We sat down with co-directors Anthony Stacchi and Graham Annable to discuss their directorial debut, The Boxtrolls. Both come from an artistic background in various film disciplines. Previously, Graham was storyboard artist on Paranorman but has been an animator and director for several video game productions. Stacchi has also been an animator on Antz, Aeon Flux and done visual effects on Hook, Ghost and Back to the Future.

CHICAGOIST: The Boxtrolls is a stop animation movie and not a normal live action movie. To make this kind of movie, it’s all about the details and the minutia to get it done. Did you come up with your ideas and then have to find a delegation process to provide the animators what you needed done? What was the process?

ANTHONY STACCHI: From the very beginning, every animated movie starts with a story reel and you work with the story department. Prior to that we worked on the script from the book. It’s a huge book with a cast of thousands and we had to boil that down to the core story. It was always a story about a boy raised underground and we loved the characters of the Boxtrolls. We knew it was a relationship we would work with. Snatcher the villain has changed quite a bit from the book but he’s still all there. We honed the story down so we could do a ninety minute movie.

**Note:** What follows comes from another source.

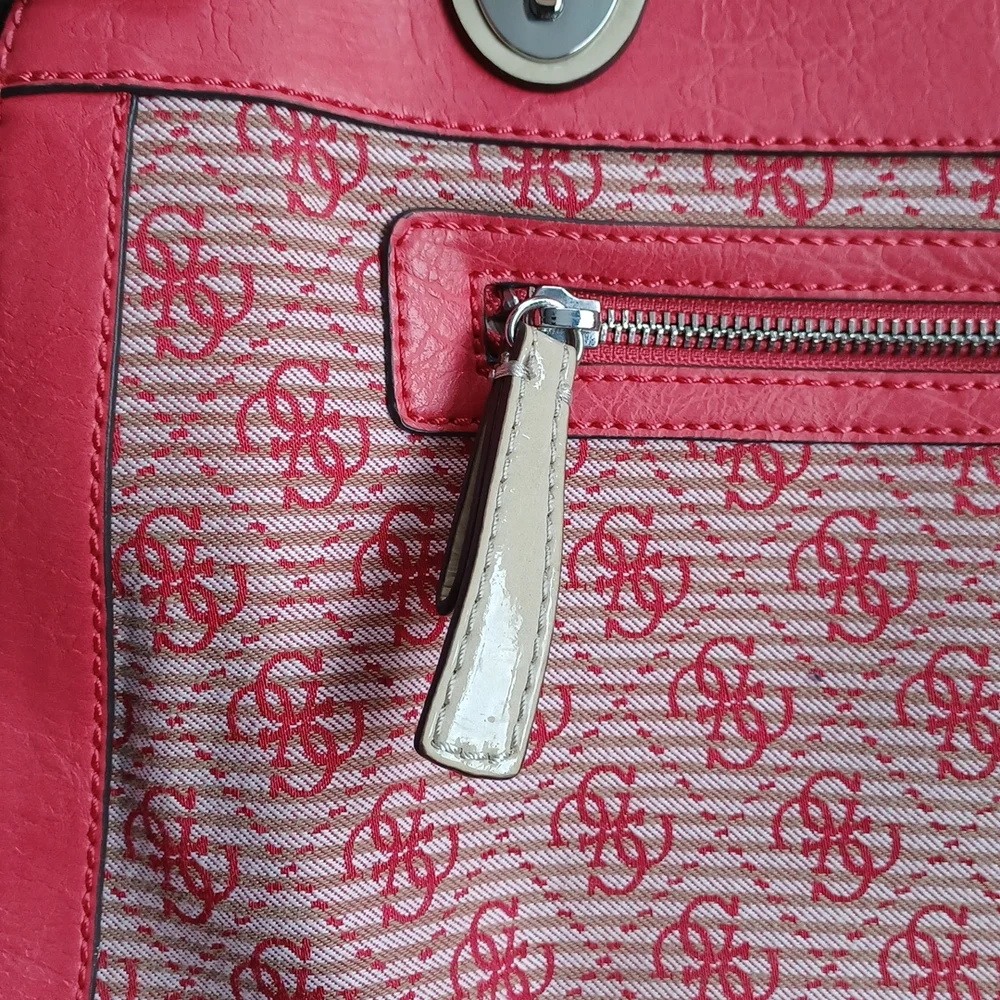 Guess Coral Logo Fabric/Faux Leather Shoulder Bag - Picture 11 of 14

Then we took that to storyboards. Graham and I were joined at the hip during that entire process of building the blueprint.

C: Is that both of you, the CEO of Laika and producers deciding at that point this is the movie before you take it to the team?

ANTHONY STACCHI: Yes, you never stop improving the story. Nothing is ever done in animation until you run out of time. It’s a race to the start and you go until you run out of time or money and you get better every step of the way.

For example, you do eight recording sessions with Sir Ben Kingsley. Even when you’re done doing it a number of times and you have it, you think maybe we could get a better version of this even if you’re in production. You plan that for the next time you get him in two weeks and hold production to see if it will work better. You’re constantly trying to get it better.

GRAHAM ANNABLE: This was my first time being in this role as the director and you do your best each time articulating how you want each part of the story to go and the context that needs to happen. We really had the philosophy of best idea wins. Who ever had it, wherever it came from, we stepped out of the way and worked with it. We let the departments do their thing.

C: So you’re saying you took your director egos out of it?

ANTHONY STACCHI: (laughter) This is true of every big Hollywood Director, if they’re smart and do good movies, ninety percent of the success is casting and then you have a lot of people working hard to make you look good. Unless you’re doing something wrong, they’re all working to make you look good and if you don’t get out of the way to let them, then it’s really stupid.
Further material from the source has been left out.